13 мая 1859 года.
Давно я собирался, граф Лев Николаевич, сказать Вам душевное спасибо за ласковое слово об "Обломове", адресованное ко мне рикошетом через письмо Александра Васильевича. Но, поверите ли, едва выискал свободные полчаса, и то ночью, написать эти строки, чтобы вместе и проститься перед отъездом за границу. Слову Вашему о моем романе я тем более придаю цену, что знаю, как Вы строги, иногда даже капризно взыскательны в деле литературного вкуса и суда. Ваше воззрение на искусство имеет в себе что-то новое, оригинальное, иногда даже пугающее своей смелостию; если не во всем можно согласиться с Вами, то нельзя не признать самостоятельной силы. Словом, угодить на Вас нелегко, и тем мне приятнее было приобрести в Вас доброжелателя новому моему труду. Еще бы приятнее мне было, если б Вы не рикошетом, а прямо сказали и о моих промахах, о том, что подействовало невыгодно. Особенно полезно бы было мне это теперь, когда я желал бы попробовать еще раз перо свое над одной давно задуманной штукой. И если время, расположение духа и разные обстоятельства позволят, я и попробую. Я желал бы указания не на случайные какие-нибудь промахи, ошибки, которые уже случились и, следовательно, неисправимы, а указания каких-нибудь постоянных дурных свойств, сторон, замашек, аллюр и т. п. моего авторства, — чтобы (если буду писать) остеречься от них. Ибо, как ни опытен автор (а я признаю за собой это одно качество, то есть некоторую опытность), а всё же ему одному не оглядеть и не осудить кругом и с полнотой самого себя. Но, может быть, такое домогательство с моей стороны превышает меру Вашего доброго ко мне расположения, и потому я позволяю себе только выразить это желание, а домогаться не решаюсь.

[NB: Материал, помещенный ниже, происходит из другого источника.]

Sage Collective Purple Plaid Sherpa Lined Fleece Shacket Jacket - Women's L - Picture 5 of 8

Еду я 22-го мая, то есть через неделю с небольшим, и сам вижу, как с каждым днем розовая перспектива поездки всё бледнеет. Война, затруднение с переводом денег, неизвестность, что будет, — всё это отравляет путешествие, но еду, потому что давно задумал ехать, а я, между прочим, бываю иногда упорен, чуть ли не как Тарас Скотинин, — что задумаю, то, кряхтя и охая, и несу, как тяжкий крест, хотя бывает иногда нужно только шевельнуть пальцем, чтоб сбросить его с себя. Притом оставаться здесь еще летом — наказание, которого никому не желаю испытать. Если это письмо застанет у Вас Александра Васильевича, поклонитесь ему.

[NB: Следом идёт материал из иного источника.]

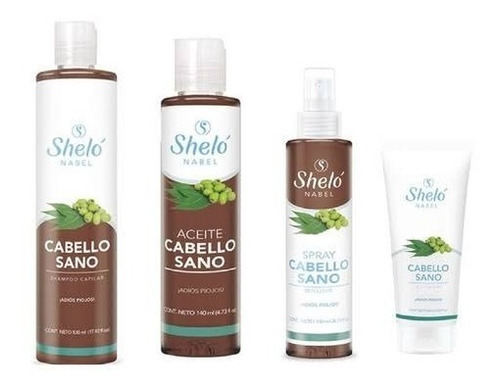 Shampoo Cabello + Gel + Spray +aceite Cabello Sano Kit Shelo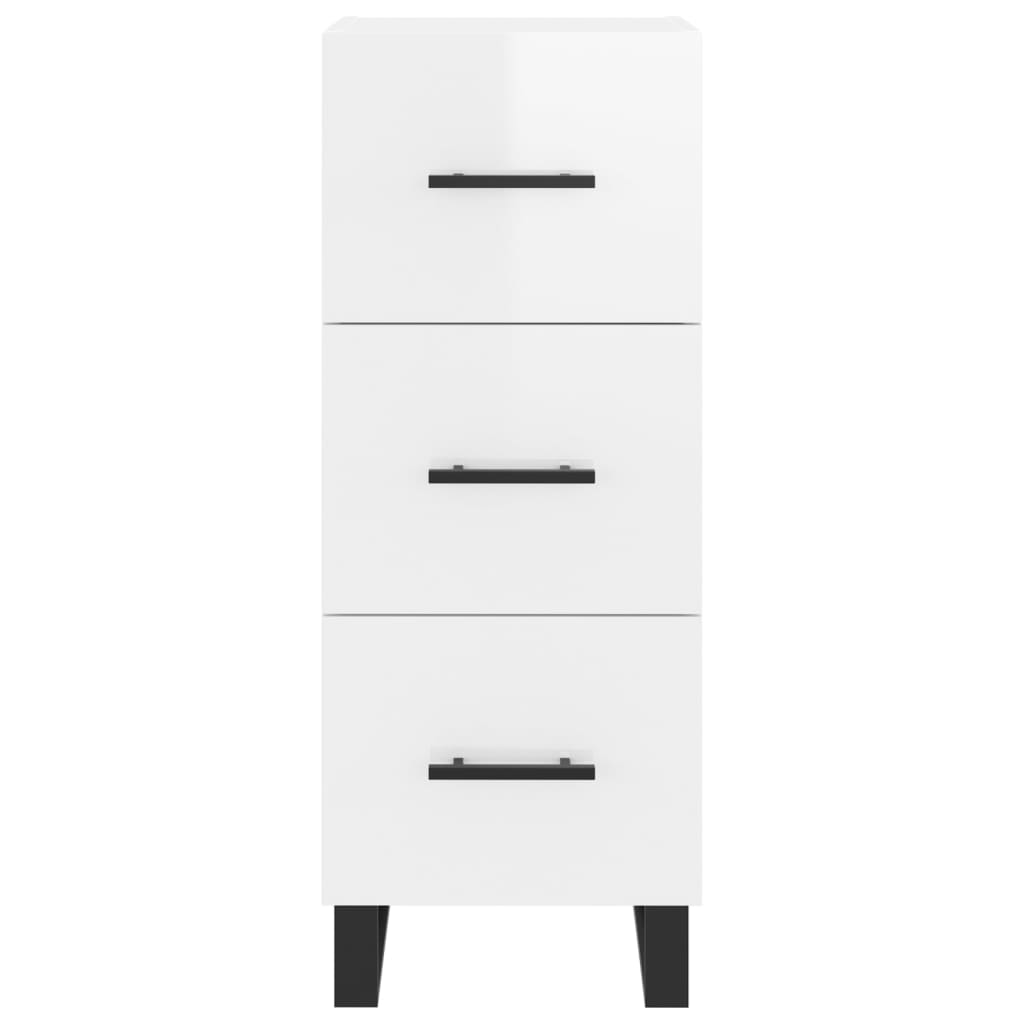 vidaXL Skříň highboard bílá s vysokým leskem 34,5x34x180 cm kompozit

Если бы Вы вздумали сказать мне слово в ответ, то я только до пятницы (22 мая) проживу здесь. Дня через три надеюсь, несмотря на все хлопоты, прочесть начало Вашего романа, о котором мне уже говорили с нескольких сторон. Но жаль, что не узнаю долго продолжения.
Прощайте, Лев Николаевич, желаю доброго здоровья и скорого по возможности свидания с Вами здесь. Искренно преданный
И. Гончаров.
Живу я на Моховой улице, в доме Устинова.